Teapot with replaced spout. Porcelain, silver, 1675-1700. This teapot was a gift from Herman A. E. and Paul C. Jaehne, 1941
Sixty-six teapots in ceramics and silver, dating from the late 1600s to the present day, have been selected from amongst the hundreds of teapots in the Museum’s permanent collection by Ulysses Grant Dietz, Senior Curator and Curator of the Decorative Arts Collection. “These teapots embrace several hundred years of Western cultural history and demonstrate the endless design possibilities that this complex functional form has offered to inspire designers and craftspeople over the centuries,” Dietz said. “The Teapot is a unique exhibition of decorative art that chronicles history and excites the creative interest in all of us,” said Mary Sue Sweeney Price, Museum Director and CEO. “It also provides visitors with a prime example of the scope of the diverse collections cared for by the Newark Museum for future generations.”

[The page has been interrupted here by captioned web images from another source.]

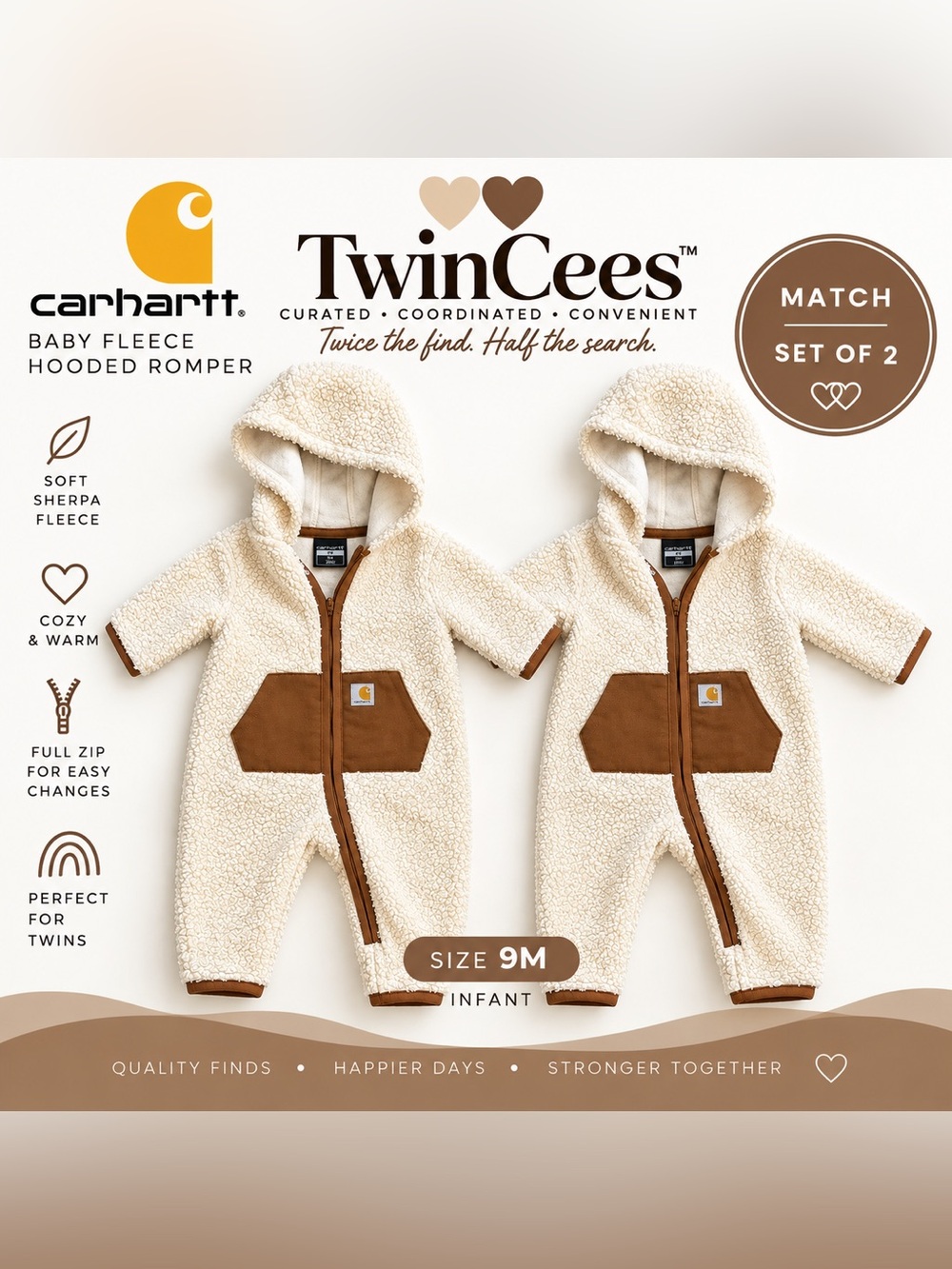 Carhartt Cream Sherpa Hooded One-Piece with Brown Pocket Accents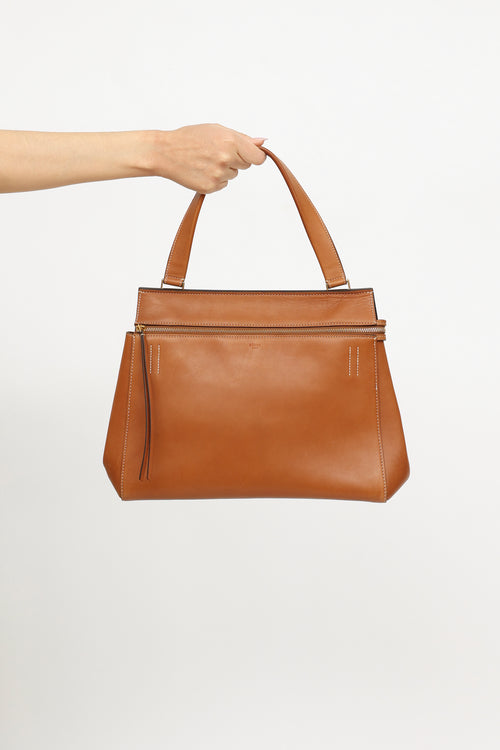 Celine Tan Leather Large Edge Bag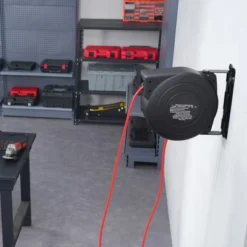 VEVOR Retractable Extension Cord Reel, 45 FT, Heavy Duty 12AWG/3C SJTOW Retractable Power Cord With Lighted Triple Tap Outlet, Black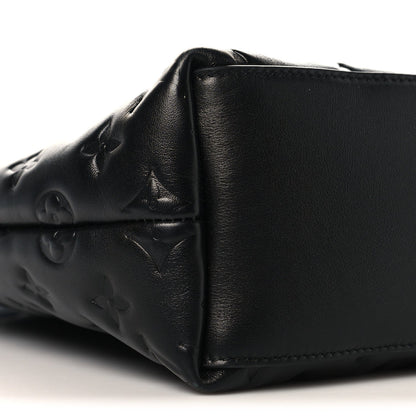 Lambskin Embossed Monogram Coussin Hobo MM Black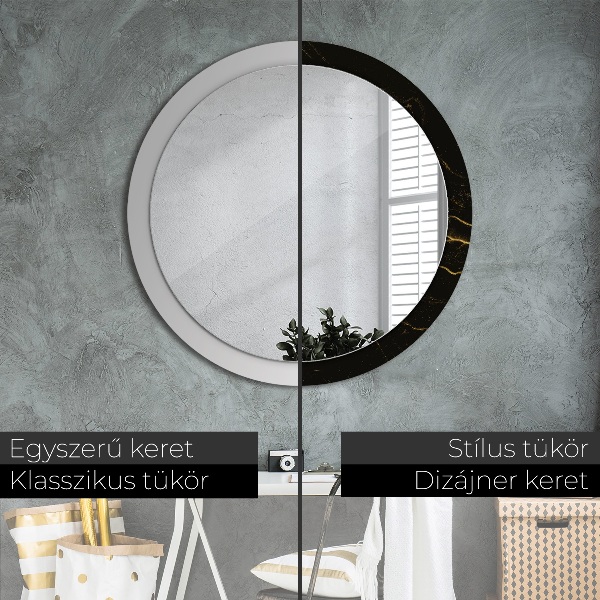 Round wall mirror design Black marble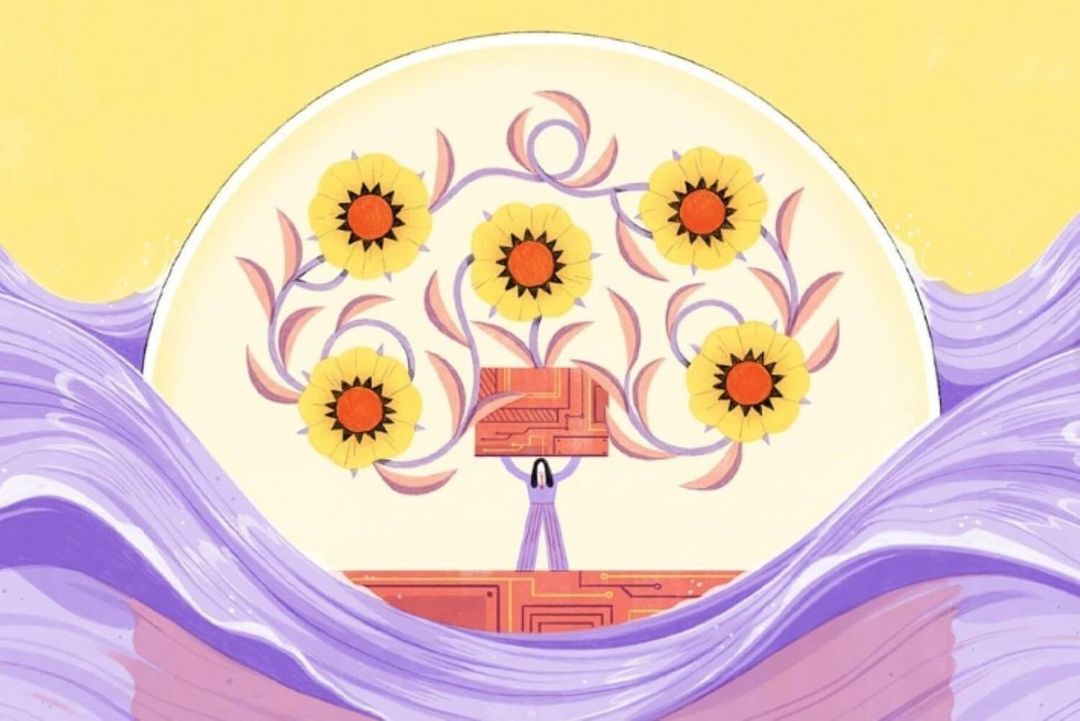 Illustration of a small human figure holding up a circuit board from which floral vines and sunflowers are growing, graphic art style.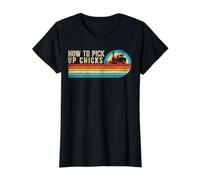 Comment ramasser Les Poussins de Chariots élévateurs et Travailleurs en entrepôt T-Shirt Graphique avec Valeur, Femme, Noir, L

According to Dietz, the teapot originated along with tea drinking, which started in China hundreds of years ago. However, the Chinese did not start using teapots until the early part of the Ming Dynasty (1368-1644). The European fashion for drinking tea began in the middle of the 1600s, at the end of China’s Ming Dynasty. The teapot was, until the end of the 1800s, always functional, however ornamental it may have also been. As the idea of“the object as art” emerged with the Arts & Crafts movement in the late 1800s teapots appeared that were as much works of art as they were usable vessels for serving tea. In the second half of the twentieth century, non-functional teapots emerged as sculptural objects, presenting their creators with the potential for design and content that left utility behind.